Weird automatic stopping behavior in TF 2.11 GPU

shankar_B · March 15, 2024, 11:24am

While training a model using TF 2.11, the training gets stopped periodically without any stack trace. Only the statement ‘Killed’ gets written to the console. For Tesla T4 GPU having 16 GB GPU memory, the training stops at epoch 8, while for an A10G GPU with 24 GB GPU memory, the training stops at epoch 11. If the training is then resumed from epoch 11, it again stops at epoch 21, and again at epoch 31. Would like to know if someone else has observed a similar behavior or any other memory leak related issues with this version of TF or keras.
Following are the package versions:
tensorflow 2.11.0 cuda112py39h01bd6f0_0 conda-forge
tensorflow-base 2.11.0 cuda112py39haa5674d_0 conda-forge
tensorflow-estimator 2.11.0 cuda112py39h11d7a3b_0 conda-forge
tensorflow-gpu 2.11.0 cuda112py39h0bbbad9_0 conda-forge
tensorflow-io 0.31.0 pypi_0 pypi
keras 2.11.0 pyhd8ed1ab_0 conda-forge
keras-preprocessing 1.1.2 pyhd8ed1ab_0 conda-forge
Any other ideas to root cause this issue are also welcome.
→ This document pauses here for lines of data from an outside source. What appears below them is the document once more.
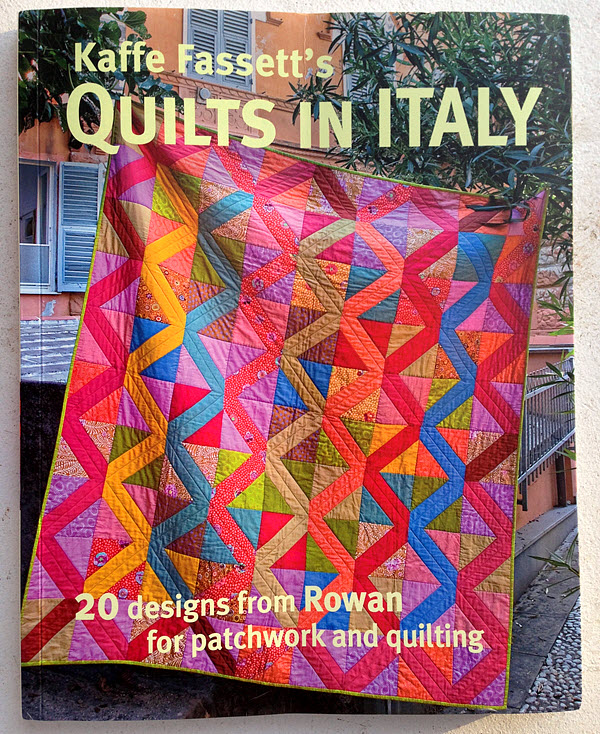 quiltsinitalybookkaffefassett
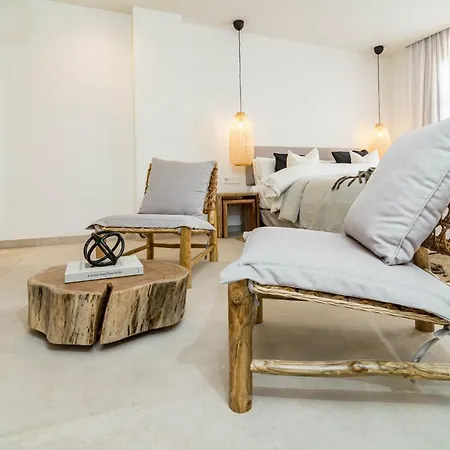 Seaclub Suites By Roomservices *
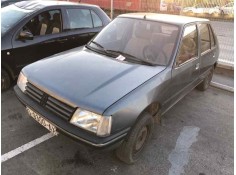 peugeot 205 berlina del año 1990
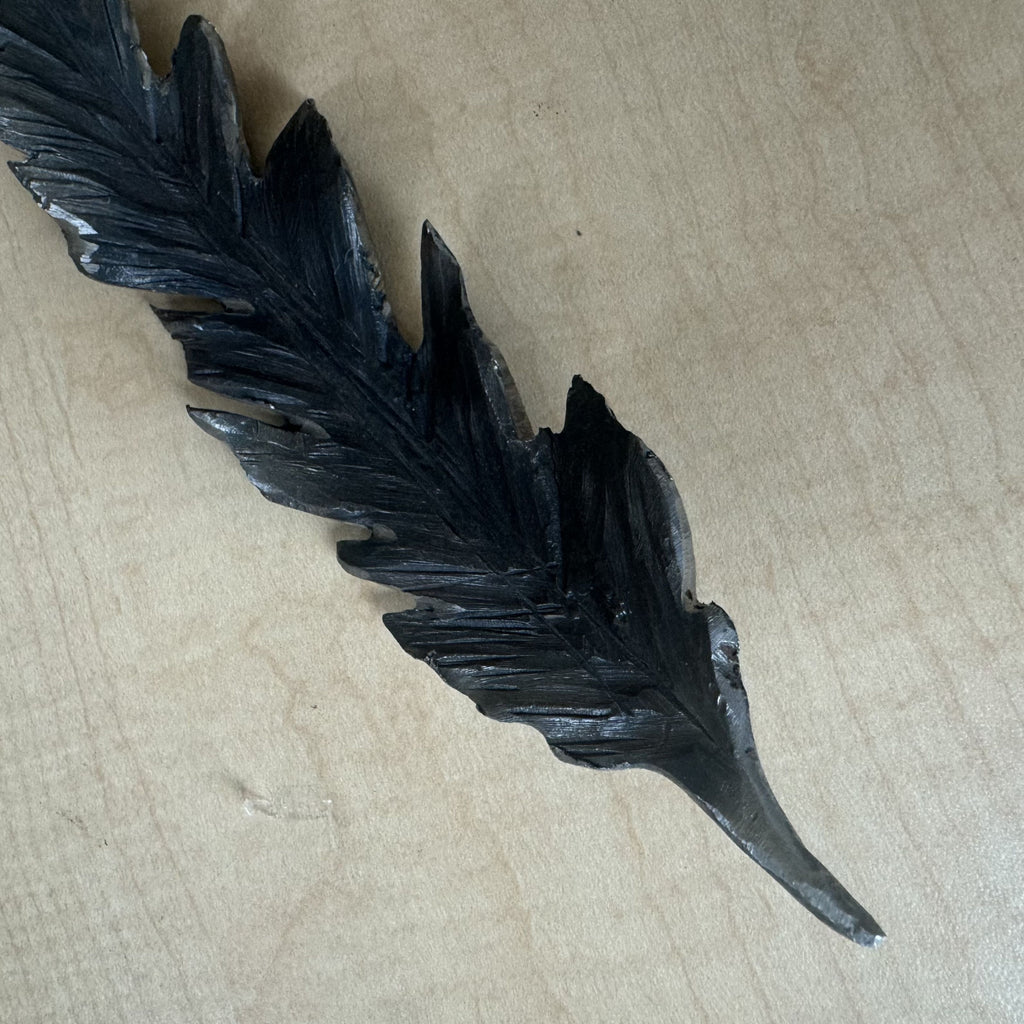 26-0172 Steel Feather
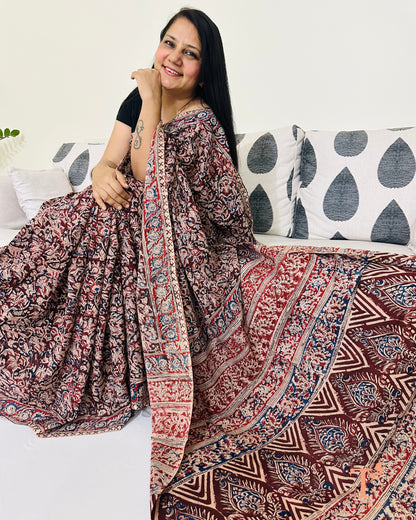 Border detail of Chennur silk Kalamkari saree in natural tones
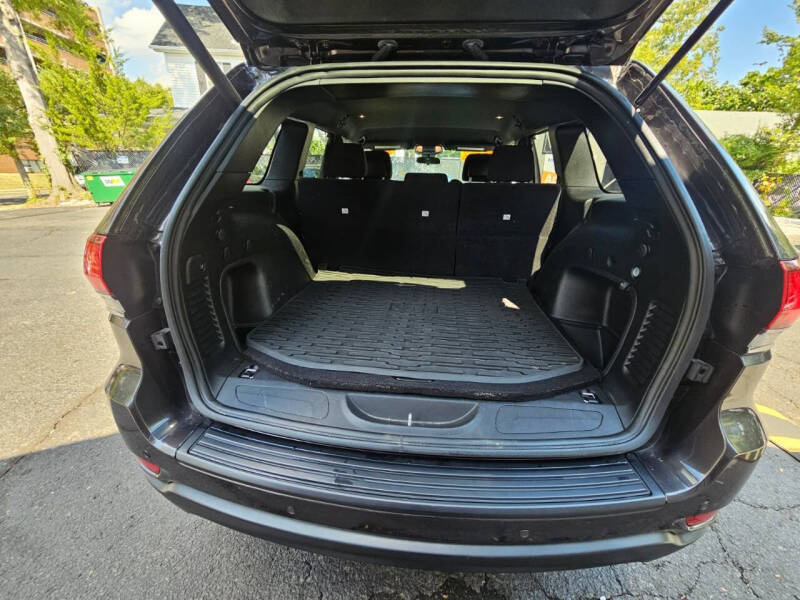 2021 Jeep Grand Cherokee Laredo E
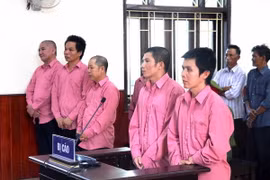 Các bị cáo trong vụ phá 64ha rừng tự nhiên ở huyện An Lão, tỉnh Bình Định. (Ảnh: Nguyên Linh/TTXVN)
Renu_Patel · March 22, 2024, 3:04pm

Hi @shankar_B

Welcome to the TensorFlow Forum!

How did you install the TensorFlow in your system? Please refer to this TF install official link to install TensorFlow as per your system OS. Also, Please verify if you have installed the compatible version of CUDA, cuDNN as installed TensorFlow, Python version in your system by checking this TF tested build configuration.

Let us know if the issue still persists. Thank you.